DÖKME ÇAYLAR TERCİH EDİLEBİLİR
Poşet çay yerine dökme çay kullanılmasını tavsiye eden Yurtsever, “Tüketicinin aslında çok ambalaj içermeyen eserlere yönelmesi daha hakikat olur. Dökme çayları tercih edebiliriz. Poşet çaylar, tamam pratikliği inkar edilemez fakat hakikaten etrafa ve beşere tesirleri ve yükü olabilir. Yalnızca mikroplastik kirliliği açısından değil. Poşet çayları düşündüğümüzde o ek poşet, etiket, zımba ya da yapıştırıcı, pamuk iplik vs. düşündüğümüzde ekstradan çöp üretmiş oluyoruz ancak dökme çay kullandığımızda direkt onu alıp bir çaydanlıkta demliyoruz” biçiminde konuştu.

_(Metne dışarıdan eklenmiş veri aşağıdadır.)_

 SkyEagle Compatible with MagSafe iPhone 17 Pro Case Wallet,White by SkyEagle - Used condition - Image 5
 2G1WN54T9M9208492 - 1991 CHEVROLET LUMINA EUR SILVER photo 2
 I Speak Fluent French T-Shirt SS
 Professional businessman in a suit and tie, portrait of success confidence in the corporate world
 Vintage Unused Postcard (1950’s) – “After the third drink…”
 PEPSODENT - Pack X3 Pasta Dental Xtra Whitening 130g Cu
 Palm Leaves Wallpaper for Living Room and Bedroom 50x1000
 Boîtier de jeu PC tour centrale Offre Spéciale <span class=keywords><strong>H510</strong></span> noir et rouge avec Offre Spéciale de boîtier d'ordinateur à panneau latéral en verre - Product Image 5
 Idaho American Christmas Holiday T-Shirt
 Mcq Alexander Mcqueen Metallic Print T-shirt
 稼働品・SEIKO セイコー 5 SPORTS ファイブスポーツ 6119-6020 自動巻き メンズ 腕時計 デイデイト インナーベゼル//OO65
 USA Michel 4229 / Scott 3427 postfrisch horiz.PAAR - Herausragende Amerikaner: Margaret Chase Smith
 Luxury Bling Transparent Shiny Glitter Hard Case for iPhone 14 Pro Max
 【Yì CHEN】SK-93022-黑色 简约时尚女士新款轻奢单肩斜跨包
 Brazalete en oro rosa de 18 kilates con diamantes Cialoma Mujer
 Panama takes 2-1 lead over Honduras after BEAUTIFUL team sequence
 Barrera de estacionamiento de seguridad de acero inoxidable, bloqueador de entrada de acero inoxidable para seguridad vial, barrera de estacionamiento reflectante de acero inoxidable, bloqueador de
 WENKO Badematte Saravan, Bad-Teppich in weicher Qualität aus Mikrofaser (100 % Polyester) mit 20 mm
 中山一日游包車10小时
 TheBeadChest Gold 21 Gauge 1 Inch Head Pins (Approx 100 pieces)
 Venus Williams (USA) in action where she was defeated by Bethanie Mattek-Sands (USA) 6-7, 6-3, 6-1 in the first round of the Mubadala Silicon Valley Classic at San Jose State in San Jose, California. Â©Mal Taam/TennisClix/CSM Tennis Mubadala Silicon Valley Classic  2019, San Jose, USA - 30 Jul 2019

“PLASTİK LÜTUF ÜZERE HAYATIMIZA GİRDİ ANCAK ŞU ANDA BAŞA BELA”
İlk üretildiği günden beri hafiflik, esneklik, dayanıklılık, kolay işlenebilirlik, düzgün elektrik ve ısı yalıtkanlığı ve ucuzluğu üzere çeşitli özelliklerinden ötürü plastiğin mucizevi olarak değerlendirildiğini söyleyen Yurtsever, “Özellikle bundan 70 yıl evvel bu türlü süratli büyümeyle çok formda hayatımıza girmiş plastiklerin üretimi, 1950’lerden 2020’lere yanlışsız geldiğimizde, 200 kat artarak devam etmiş. Şu anda plastik üretimini düşündüğümüzde 400 milyon tonluk bir üretimden bahsediliyor. Pandemiyle bunun katlanarak arttığını da biliyoruz lakin buna ilaveten bir de 2050’lere gelindiğinde, bunun iki katına çıkacağını da biliyoruz. Lütuf üzere hayatımıza girdi fakat katiyetle şu anda bela durumunda” sözlerini kullandı.
“TEK KULLANIMLIK ESERLERİN BIRAKILMASI GEREK”
Yurtsever, tek kullanımlık plastiklerin kullanımının bırakılması gerektiğine dikkati çekerek kelamlarını şöyle tamamladı:
“Tek kullanımlık eserlerin büsbütün bırakılması gerektiğini düşünüyorum. Hatta şu andan itibaren bırakmamız gerekiyor zira mevcut haliyle bile etrafımıza yeteri kadar plastiği yaydık, saçtık, dağıttık. Bu haliyle bile tabiatın kendini temizlemesi imkansız. Uzun vadede düşündüğümüzde şu anki yaptığımız kirliliğin faturası aslında gelecek kuşaklara kesilmiş vaziyette. O yüzden bırakmamız gerekiyor. Plastikler, etrafta yok olan, biten, eriyen çözünen bir şey değil, kalıcı bir şey. O yüzden de birçoğunun tabiatta yüzyıllar boyunca hiç bozulmadan kalabilme ihtimalleri var. Bırakabildiğimiz kadarını bırakmalıyız. Bilhassa tek kullanımlık eserlerden başlamalıyız.”